Reeder's participation in making misrepresentations to the regulators, his use of the wires to divert $16.5 million of the insurance companies' funds, and his fraudulent efforts to conceal his actions overwhelmingly establish his intentional participation in the scheme to defraud. Based on this evidence, a rational trier of fact could easily have found guilt beyond a reasonable doubt.
B. Interstate Transportation of Stolen Property (“ITSP”)
Reeder contends that his ITSP convictions must be overturned because the government failed to prove that he knew that the property was taken by fraud. We disagree.
To convict on the five ITSP counts, the jury had to find that Reeder transported in interstate commerce $5,000 or more that he knew to have been stolen, converted, or taken by fraud. See Dowling v. United States, 473 U.S. 207, 214, 105 S.Ct. 3127, 87 L.Ed.2d 152 (1985) (stating the elements of 18 U.S.C. § 2314). Reeder agrees that Christopher engaged in a scheme to defraud, and, as explained above, the evidence demonstrates that, after the insurance companies were acquired, Reeder entered into an agreement with Christopher to divert $16.5 million of the insurance companies' funds for his own purposes and structured the transactions to conceal his activities. Based on that evidence alone, the jury could reasonably infer that Reeder knew that the money he transported had been taken by fraud.
II. Government's Closing Argument
Reeder argues that his convictions must be reversed because the government's closing argument misled the jury into finding guilt based on conduct not amounting to fraud. At trial, Reeder did not object to any portion of the prosecutor's closing argument. Therefore, his claim is reviewed only for plain error. See United States v. Young, 470 U.S. 1, 6, 14-15, 105 S.Ct. 1038, 84 L.Ed.2d 1 (1985).
Reeder contends that the prosecutor argued that the jury could convict Reeder of wire fraud based: (1) on his admission that he took $1 million from the insurance companies in response to the amended release clause; (2) on his violation of a state regulation by failing to secure a waiver from Arizona for the Windbrook loan; or (3) on his failure to comply with the Windbrook contract terms by taking money for purposes other than the discharge of liens. Reeder contends that such proof would be insufficient to sustain his convictions because it would not constitute “a fraud in obtaining the property.” Defendant's Br. at 30.

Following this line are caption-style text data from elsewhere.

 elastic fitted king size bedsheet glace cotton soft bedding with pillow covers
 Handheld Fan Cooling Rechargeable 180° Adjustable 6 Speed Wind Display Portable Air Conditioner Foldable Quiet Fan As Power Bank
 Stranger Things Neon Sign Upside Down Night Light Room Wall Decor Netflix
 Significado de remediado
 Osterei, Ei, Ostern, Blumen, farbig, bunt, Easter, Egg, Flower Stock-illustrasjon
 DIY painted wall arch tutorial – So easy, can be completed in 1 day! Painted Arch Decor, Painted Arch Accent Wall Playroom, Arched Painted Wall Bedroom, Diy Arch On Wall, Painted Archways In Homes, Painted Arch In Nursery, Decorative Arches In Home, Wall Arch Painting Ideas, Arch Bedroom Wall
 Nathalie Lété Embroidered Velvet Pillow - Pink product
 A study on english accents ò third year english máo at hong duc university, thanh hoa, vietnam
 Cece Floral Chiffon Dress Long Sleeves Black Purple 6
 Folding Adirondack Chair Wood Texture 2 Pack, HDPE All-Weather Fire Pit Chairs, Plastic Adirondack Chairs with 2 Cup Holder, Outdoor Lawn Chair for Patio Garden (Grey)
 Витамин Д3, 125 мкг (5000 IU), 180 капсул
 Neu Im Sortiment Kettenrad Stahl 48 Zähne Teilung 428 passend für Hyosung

Contrary to Reeder's assertions, the government did not argue to the jury that it could convict Reeder of fraud if it found simply that he had taken $1 million from the insurance companies, violated a state regulation, or disregarded the loan terms.
We consider the prosecutor's comments within the framework and context of the entire case. See United States v. Morales-Cartagena, 987 F.2d 849, 854 (1st Cir.1993). Evidence at trial demonstrated that Reeder: (1) admitted that he took $1 million from the insurance companies; (2) failed to disclose or secure a waiver from the state regulators for the Windbrook “loan” despite his knowledge that insurance company transactions were subject to strict oversight; and (3) took money from the insurance companies for purposes unrelated to the business of the insurance companies and not covered by the terms of the Windbrook “loan.”
In his closing argument, the prosecutor argued that this evidence, in the context of and in combination with other evidence, demonstrated Reeder's knowing participation in the fraudulent diversion of insurance company assets and his intent to defraud. See, e.g., United States v. Woodward, 149 F.3d 46, 62 (1st Cir.1998) (violation of state law probative of intent to deceive in mail fraud case); see id. at 57 (“The jury was entitled to infer [defendant's] intent from the circumstances surrounding his actions, from indirect, as opposed to direct, evidence.”) (quotation omitted); see also United States v. Tajeddini, 996 F.2d 1278, 1282 (1st Cir.1993) (“[T]he prosecutor is entitled, in closing, to ask the jury to draw warrantable inferences from the evidence admitted during trial.”).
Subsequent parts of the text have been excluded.